Predicting user actions is a challenging and important part of any online advertising business. The rarity of some user actions introduces problems of class skew, overfitting, and data censoring to modeling efforts. This presentation will delve into the business problem and walk through an example of fitting a predictive model to online advertising data provided by Maxpoint.
How much does exposure to online advertising influence a consumer to purchase a product? Predicting the behaviors of potential consumers is a challenging task in the online advertising business. These valuable user actions can be quite rare, and there may be a dearth of information available for modeling each user.
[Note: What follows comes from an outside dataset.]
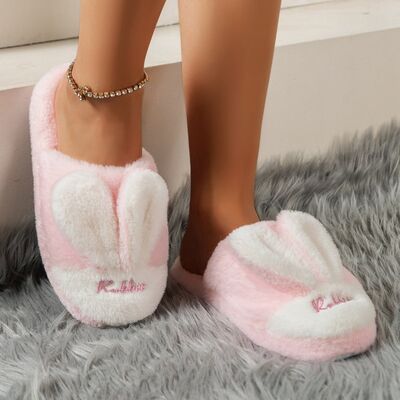 Rabbit Ears Round Toe Slippers - Drazelle Store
Having an accurate model for prediction of user behaviors allows a business to minimize the cost of serving ads to users who would not be influenced by them while maximizing the occurrence of user actions for which the business gets paid.
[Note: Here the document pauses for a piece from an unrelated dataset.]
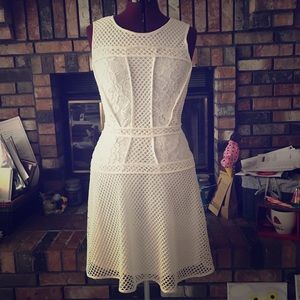 Knee-Length White Dress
In practice there may be a number of ways to model these behaviors and ensembling the results together may result in the best prediction. One useful model attempts to predict whether users who have previously visited a web site will return and make a purchase, if they are subsequently served an ad. This so called retargeting model can be modeled as a supervised classification problem with both time varying and time invariant features.
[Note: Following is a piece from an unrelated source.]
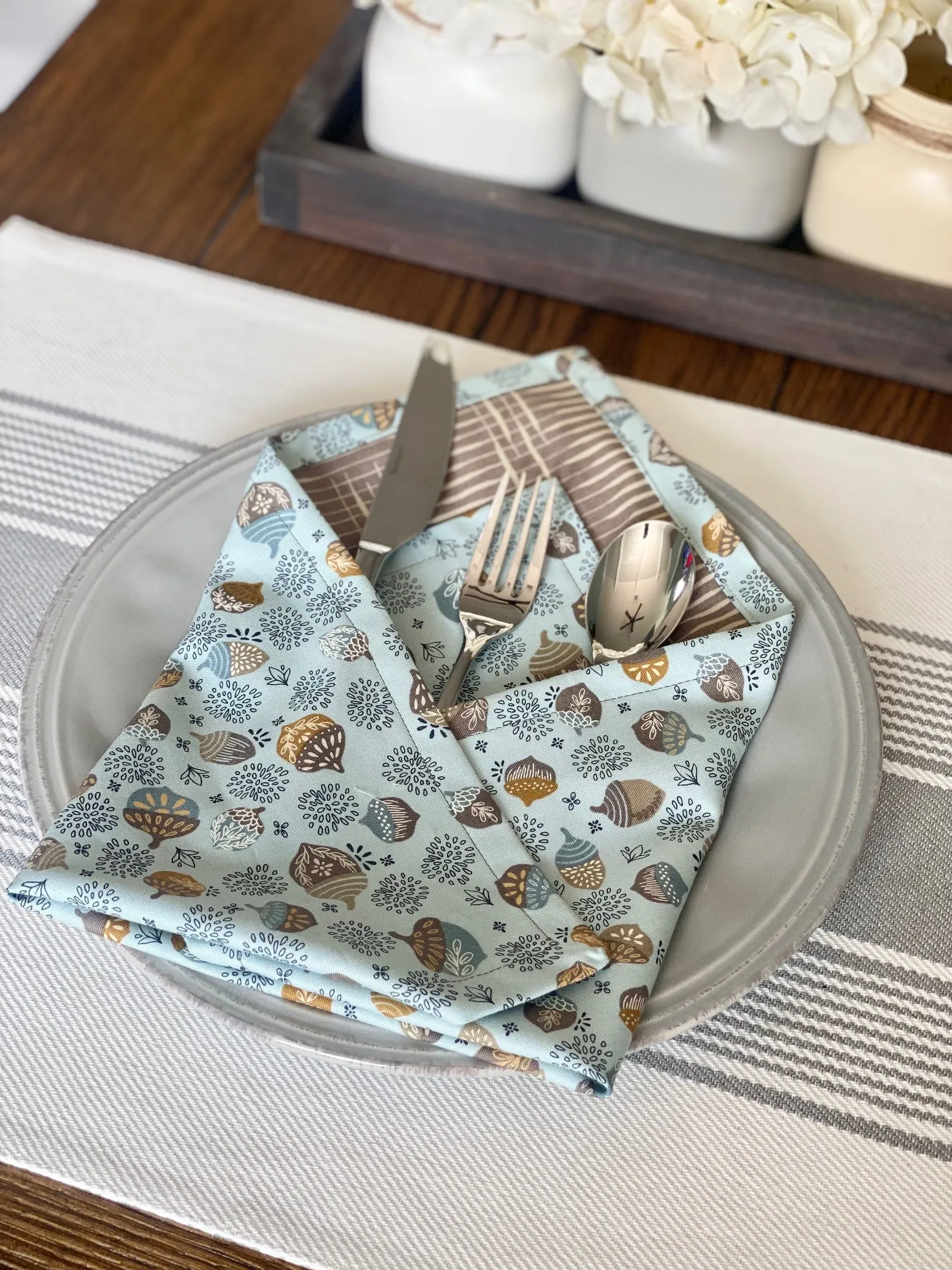 Helpful Heifer Reversible Cloth Napkins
This presentation will illustrate some of the concepts behind creating a retargeting model, using data provided by Maxpoint, from model conceptualization to deployment. Python and Jupyter notebooks provide an environment where prototypes can be rapidly implemented, evaluated, and iterated on. Powerful community libraries offer functionality to deal with problems like class skew, overfitting, and data censoring. The strong performance of the Python language and availability of a multiprocessing solution offer avenues for efficiently transitioning a prototype into a job that can be run at scale with minimal modification. Concepts and code will be presented in detail.